▶ Given information:
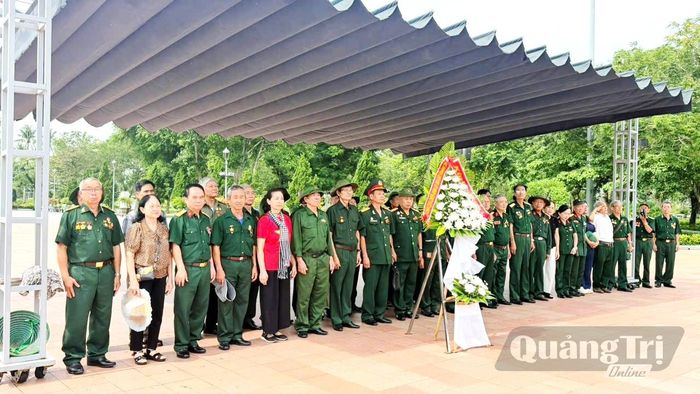 Đoàn cựu chiến binh Tiểu đoàn K3-Tam Đảo trở về thăm chiến trường xưa - Ảnh: N.H
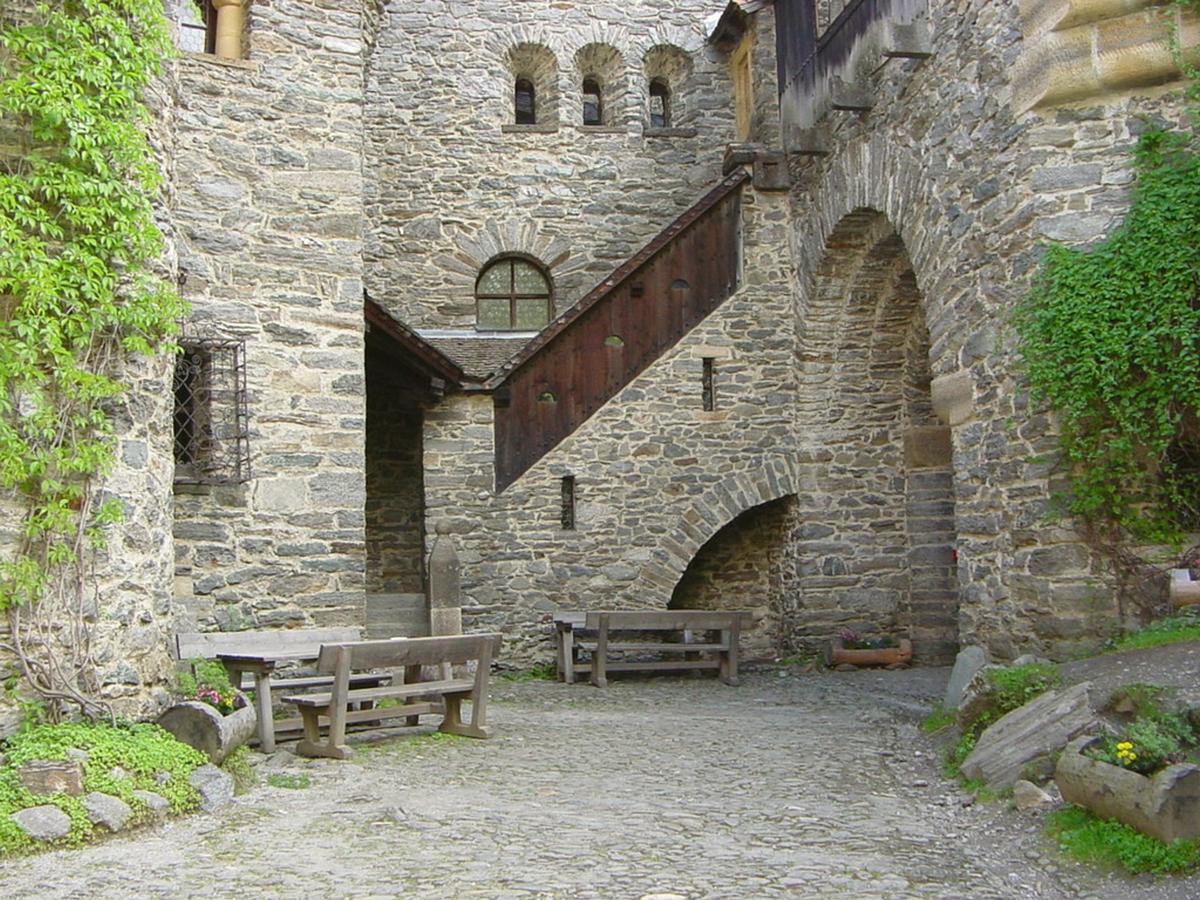Hostel Burg Finstergrun Ramingstein Exterior foto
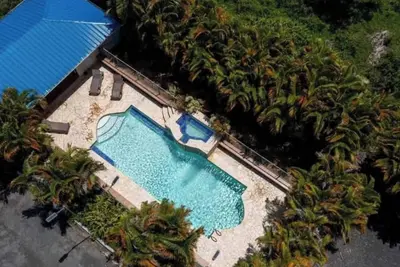Image de Comfortable 2br Getaway for 6 Guests with Pool Access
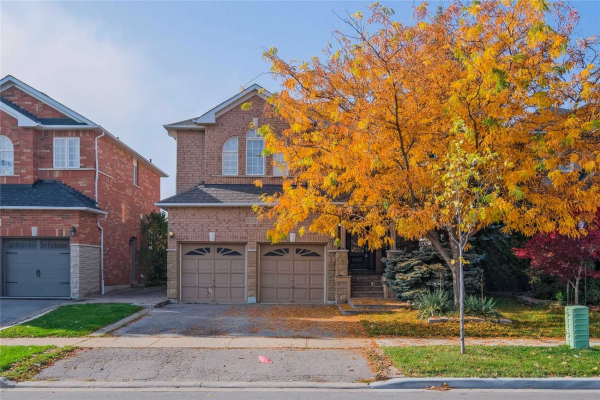 252 Forest Fountain Dr, Vaughan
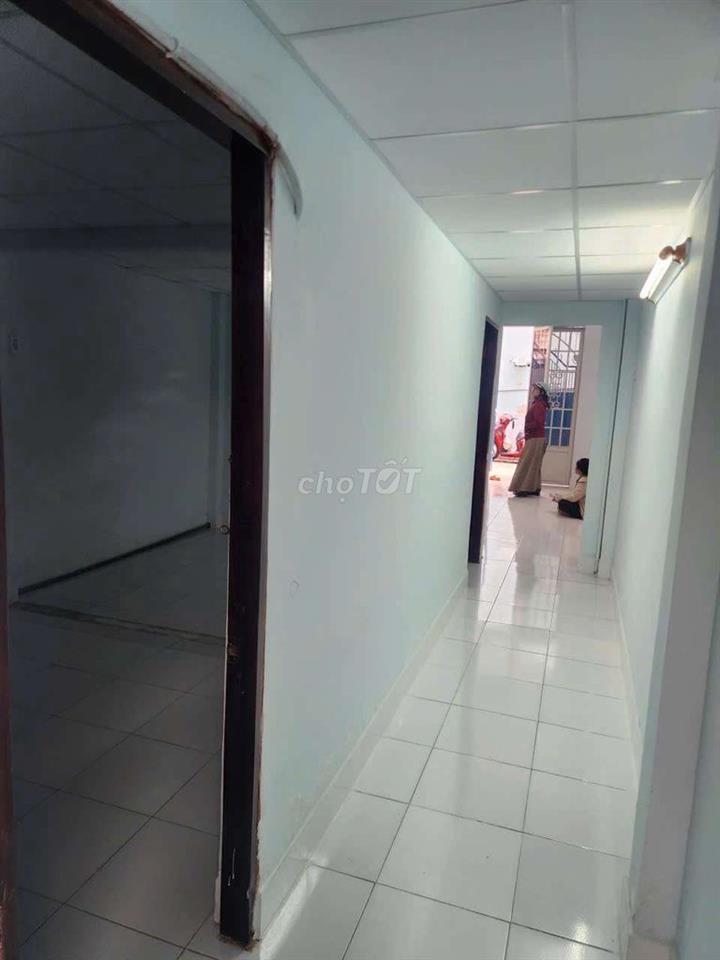 Nhà mới 4x18m lửng 2pn 1wc. Hẻm 3m thông Quang Trung p14 gò vấp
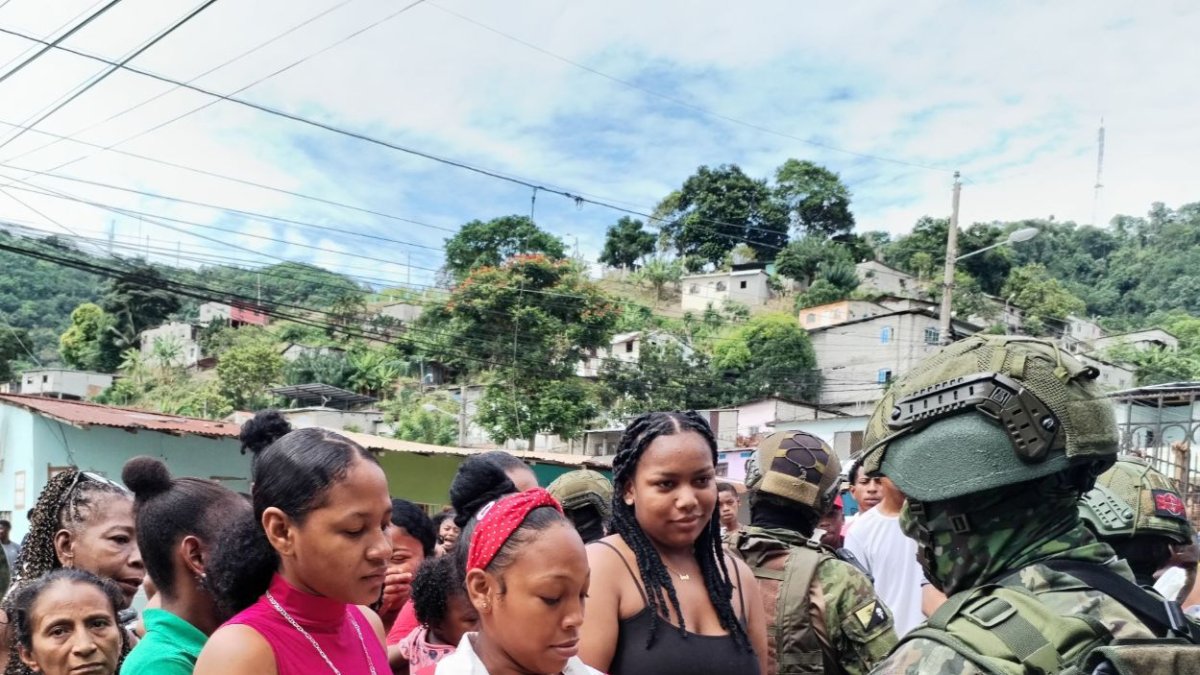 Los uniformados organizaron la dotación de kits de alimentos para los moradores del sector.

▶ Exercise description: Would you write out each record above exactly, with no images?

▶ Response area:
 Đoàn cựu chiến binh Tiểu đoàn K3-Tam Đảo trở về thăm chiến trường xưa - Ảnh: N.H
Hostel Burg Finstergrun Ramingstein Exterior foto
Image de Comfortable 2br Getaway for 6 Guests with Pool Access
 252 Forest Fountain Dr, Vaughan
 Nhà mới 4x18m lửng 2pn 1wc. Hẻm 3m thông Quang Trung p14 gò vấp
 Los uniformados organizaron la dotación de kits de alimentos para los moradores del sector.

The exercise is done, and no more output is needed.